Tsaurah Litzky claims in one of her poems that it is “the lowlife” in her that got her where she is today. well that’s pretty high up there overlooking the Brooklyn Bridge sharing her apartment with the spirit of Hart Crane. Writing as he did her words about the torturous paradise we call the here and now. This book is about a world “where at least sometimes the light pierces the darkness.”  It tells us that “the arrow is the soul” and shows us that the soul of a poem lies within its honesty, its desire to question and provoke. From doing yoga to cleaning toilets. From her imagined relationship with William Blake (like hanging out together on Brighton Beach, one of her favorite haunts) or giving us a true and dramatic look into the soul of another all embracing poet, now sadly gone, Enid Dame, or poignantly telling us of her love for her father we are led from one world to another knowing all the time as Litzky herself puts it, that the beauty of this book is, in part, the way the poems, though mixed up, are somehow sequentially quilted together. This is due, in part to the fact that they are all one world, Tsaurah’s world, a world of warmth, (dis)comfort, intimacy and an intricacy of texture that can only come from a mature, intelligent mind and full/filled vision of the creative process, through which we are filled with “new experience”s, inspiration, breath, beams of light, headstands and the “seed” of Litzky “bursting” our “skins”. Her words light up and (en)lighten the mind as she “contemplates the marriage of sea and sky,” or speaks of how her “father’s world has gotten smaller… and that  “Outside the two windows he can see a tree, a patch of grass and a piece of today’s gray winter sky.”

Her elegies as well as all her pieces about people she’s known or only imagined knowing make you feel as if you knew them as well and as intimately as she has. These poems exude love, pathos, disappointment, honesty, joy, forgiveness, solitude, battles with and insights into the aging process. They are presented to us with both heightened poetical senses and exquisite taste that only experience can bring. They are, in other words, like a bottle of fine vintage wine.
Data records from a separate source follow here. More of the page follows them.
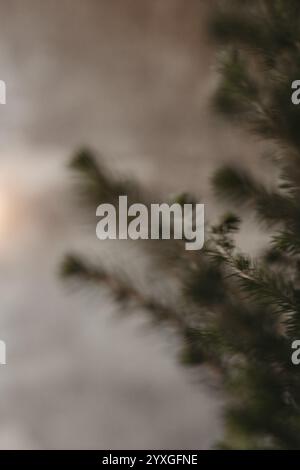 Gli aghi di pino, close-up Foto Stock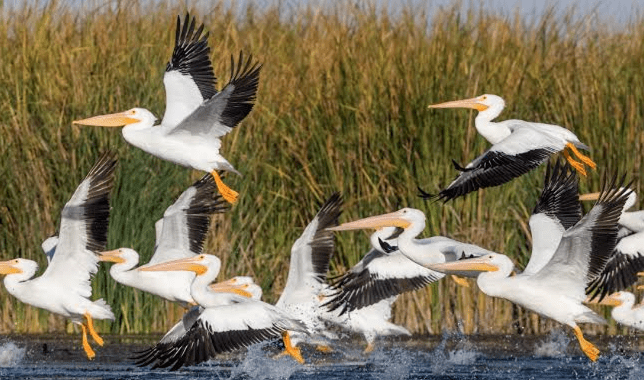 Migratory pelicans spotted during Seasonal Migration in Burundi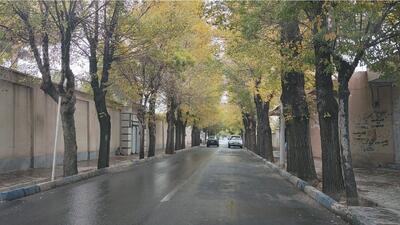 احتمال بارش های پراکنده باران در استان زنجان وجود دارد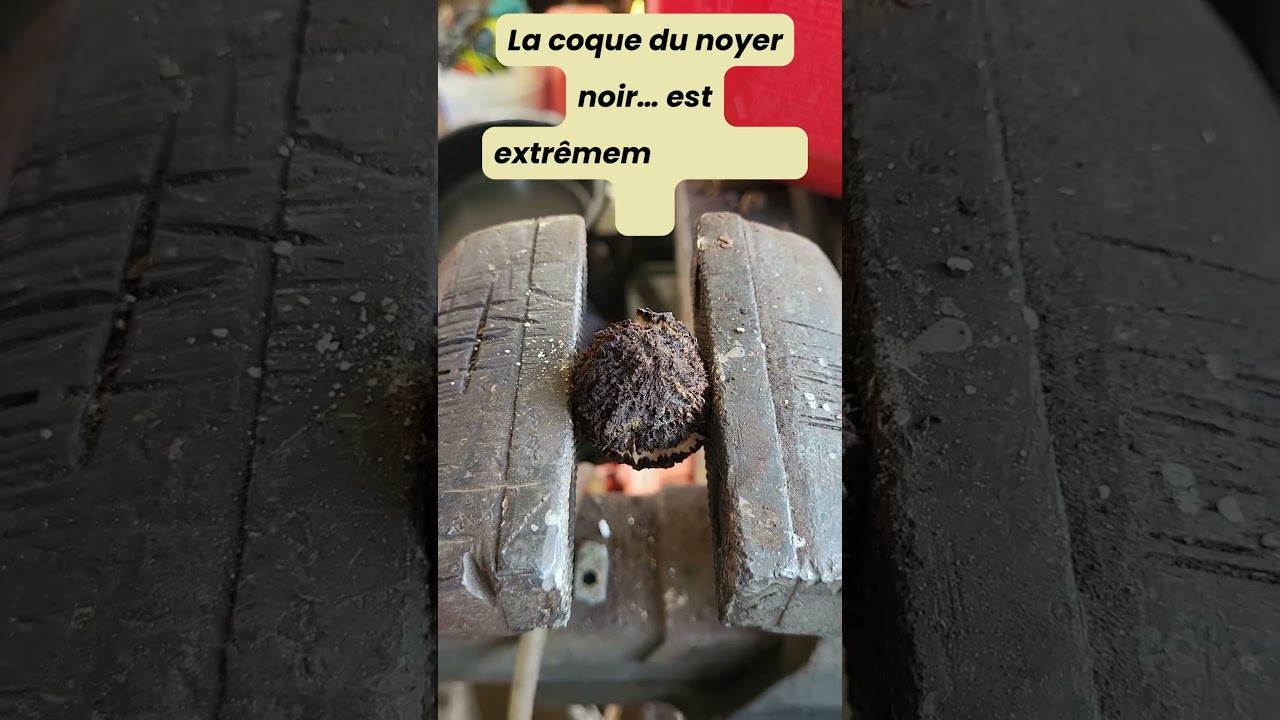 R&eacute;colte de noyer noir, la noix la plus dure du Qu&eacute;bec  #r&eacute;colte  #noyerNoir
Litzky states that she wants to write like she thinks, feels and comes, with “a heart that can” both “dance” and “love” and her eagerness to “fly on the wings” of poetry will make you eager for more good “wine.” She tells us that “there’s a bird in her bathroom singing its heart out… singing a rhapsody to somebody and” that “that somebody is” her. Well I tell you that there is a bird within these pages and that bird is Tsaurah Litzky and she’s singing a multitude of rhapsodies just for us.